8/22/19

Rail board wants to sell state-owned track in South Dakota


Someone has been mowing the right of way at Stamford on the former Milwaukee Road.

South Dakota's rail board is made up of two Democrats and five members of the American Nazi Party. A majority has voted to put all of the state-owned track up for sale.
South Dakota state government bought hundreds of miles of track in the late 1970s when the Milwaukee Road went bankrupt. “Forty years ago we were looking at the death of railroads,” Karla Engle, a lawyer for the department, told board members Wednesday. “So now we’re looking at it coming full circle.” The regional railroad authorities that lease the lines from state government, and the companies that operate over them, can decide if they want to answer questions, department officials said. Burlington Northern Santa Fe has purchased hundreds of miles of lines that state government previously owned. [KELOland teevee]
The move comes after catastrophic plunges in commodities prices, numerous wrecks and water breaches on track owned by Rapid City, Pierre and Eastern Railroad (RCPE), a subsidiary of Genesee and Wyoming. The railroad is probably fed up trying to move product at ten miles an hour between Wall and Fort Pierre where Cretaceous shale buckles track bed every year. GWRR itself has seen stock losses of over three percent in each quarter in the past five years.

In 1997 the red moocher state received $23 million from taxpayers for going without Amtrak service then TEApublican former governor Mike Rounds squandered it on an airplane for his personal use. This blog spoke to a RCPE executive in 2015. She said that the line between Crawford and Dakota Junction, Nebraska connecting to Rapid City is active and hauling bentonite south to the Burlington Northern Santa Fe Railway and to Union Pacific.

Building two east-west rail systems exclusively for freight in South Dakota is lunacy. The same geology that thwarts railroads and forces engineers to rebuild I-90 between Reliance and Rapid City and I-94 between Mandan, North Dakota and Billings, Montana every year also makes construction of the Keystone XL pipeline untenable.

In 1921 my maternal grandparents honeymooned in Hot Springs riding the train from Humphrey, Nebraska and my grandfather was a career conductor for the Union Pacific Railroad. I have at least one vague memory from my toddlerhood going over the Continental Divide in Colorado while riding the California Zephyr between Omaha and Emeryville, California near Castle AFB where my dad was stationed and the place of my birth. Meanwhile the Trump Organization is pledging to kill passenger rail service while traffic between the Black Hills and Denver continues to increase as does the volume between Denver and Santa Fe.

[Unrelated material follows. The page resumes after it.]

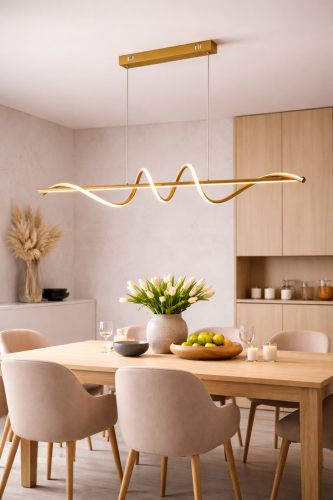 Stylowa lampa LED Bastelo 40W z regulacją wysokości do 120 cm. Złota konstrukcja i nowoczesny design doskonale pasują do jadalni, salonu i kuchni. Jasność 3400 lm oraz wybór barwy światła gwarantują komfort.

Yes, overcoming the task of building a bridge at Chamberlain across (under?) the Missouri River and over the Pierre Shale should lead to passenger service being built on the abandoned Milwaukee bed between Sioux Falls and Rapid City including access for rural communities then connect with a future line built to Colorado's rail line. It's not hard to imagine a future without passenger rail of some kind in the I-29 corridor.

3 comments:

larry kurtz said...

The same geology that plagues the Rapid City, Pierre and Eastern Railroad also makes the proposed Keystone XL pipeline untenable. "Tourism, our number two economic driver, also has the potential to benefit from this infrastructure. The attractions of the Black Hills already attract millions of tourists (and their spending) annually; a passenger rail connection would allow many more visitors to see these world-class attractions along with increased tax revenue." --Dan Bilka Rail Passengers Association - South Dakota Representative

larry kurtz said...

Matt Walsh of Genesee & Wyoming Inc. proposed a $10 million cash offer for the Mitchell-Kadoka stretch of the MRC line. Walsh’s offer included extending its Wolsey lease 10 years through 2036 for $250,000 and offered to invest $7.4 million into the Mitchell line during the first year it would operate there. The Kadoka to Rapid City segment is closed. More at KELO teevee.

larry kurtz said...

The State of South Dakota should remand the real estate in the rail right of way west of Kadoka to the tribes signatory to the Fort Laramie Treaty.